##### Task material #####

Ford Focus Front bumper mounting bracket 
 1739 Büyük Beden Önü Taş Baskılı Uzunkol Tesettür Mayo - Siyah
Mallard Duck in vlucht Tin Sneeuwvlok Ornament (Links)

#####
##### Task material #####

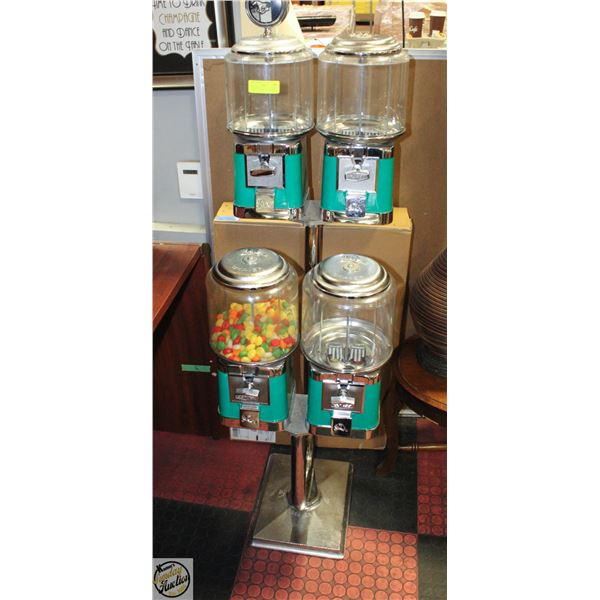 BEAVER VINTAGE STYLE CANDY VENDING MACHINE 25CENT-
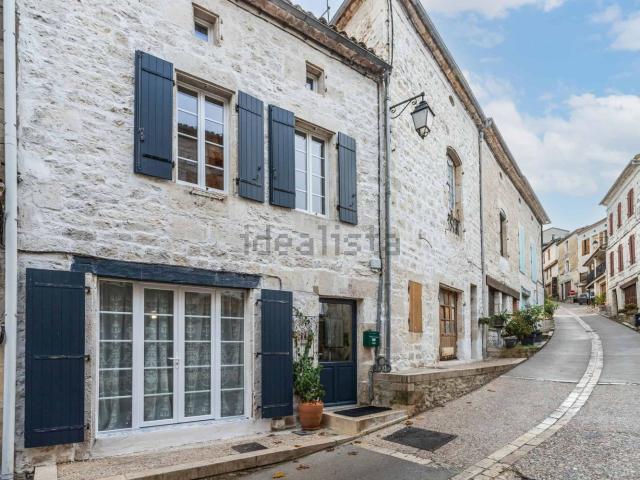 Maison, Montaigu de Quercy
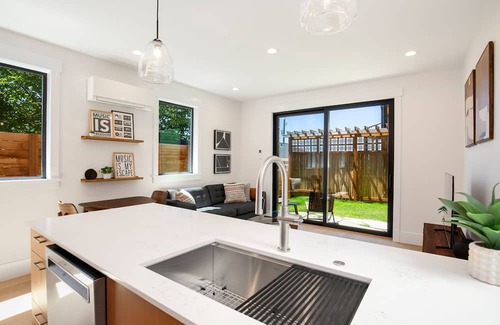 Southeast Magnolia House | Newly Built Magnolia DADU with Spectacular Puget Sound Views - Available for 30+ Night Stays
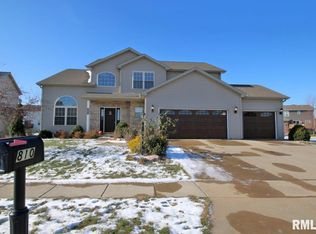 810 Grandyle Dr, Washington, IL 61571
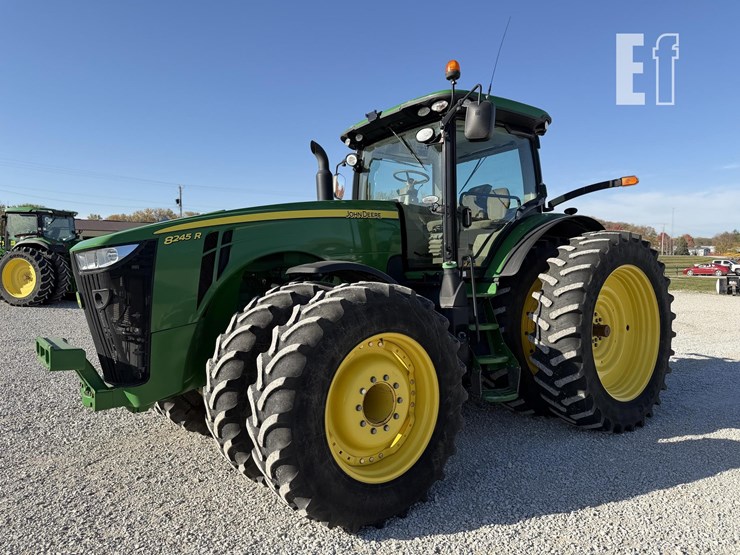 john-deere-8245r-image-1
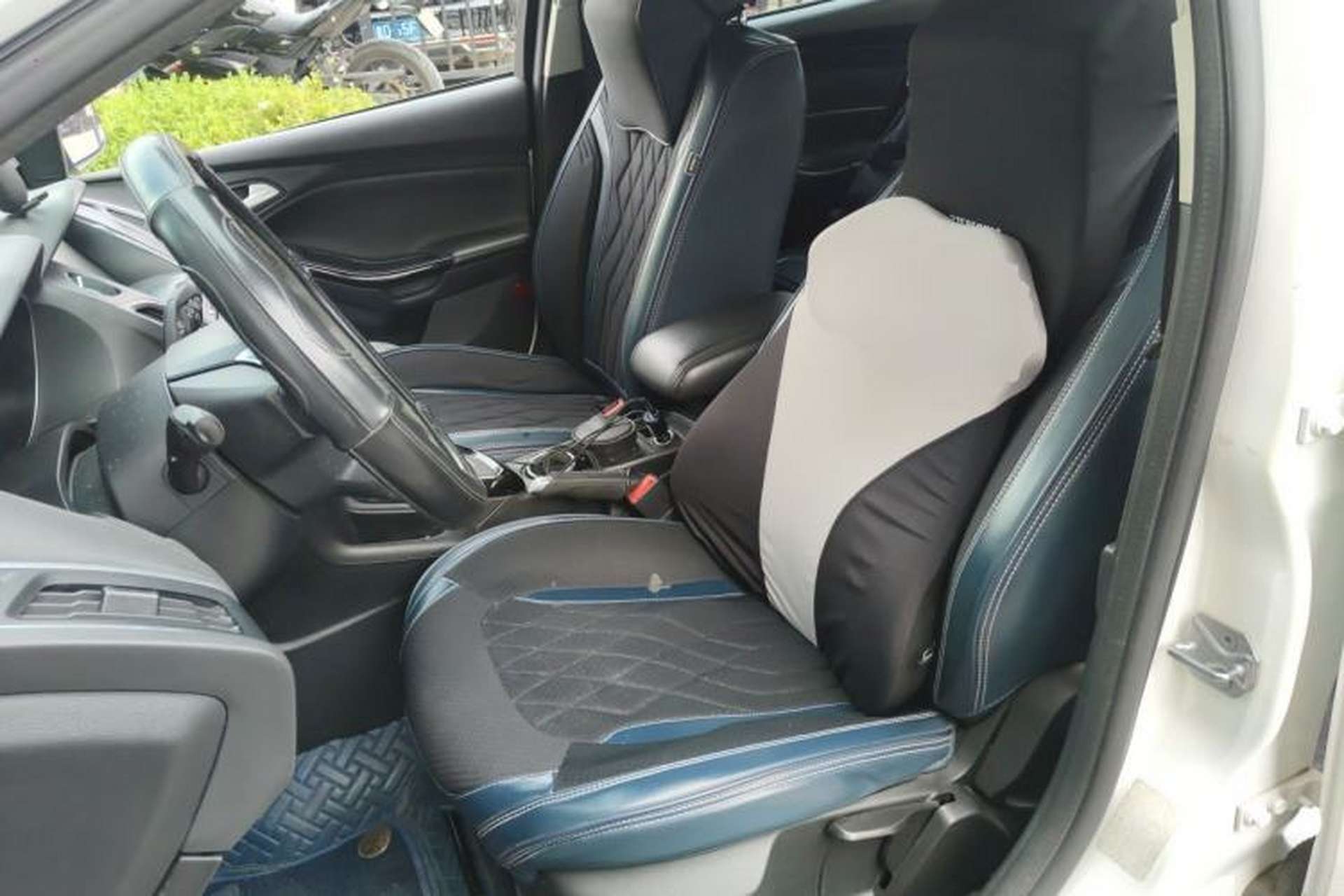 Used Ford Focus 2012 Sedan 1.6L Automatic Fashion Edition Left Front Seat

#####

• _What to work on_
Working from the entries above, reproduce exactly and only the lines beginning with the line that has "john-deere-8245r-image-1" and ending with the line that has "Used Ford Focus"; omit all pictures.

• _Your response_
 john-deere-8245r-image-1
 Used Ford Focus 2012 Sedan 1.6L Automatic Fashion Edition Left Front Seat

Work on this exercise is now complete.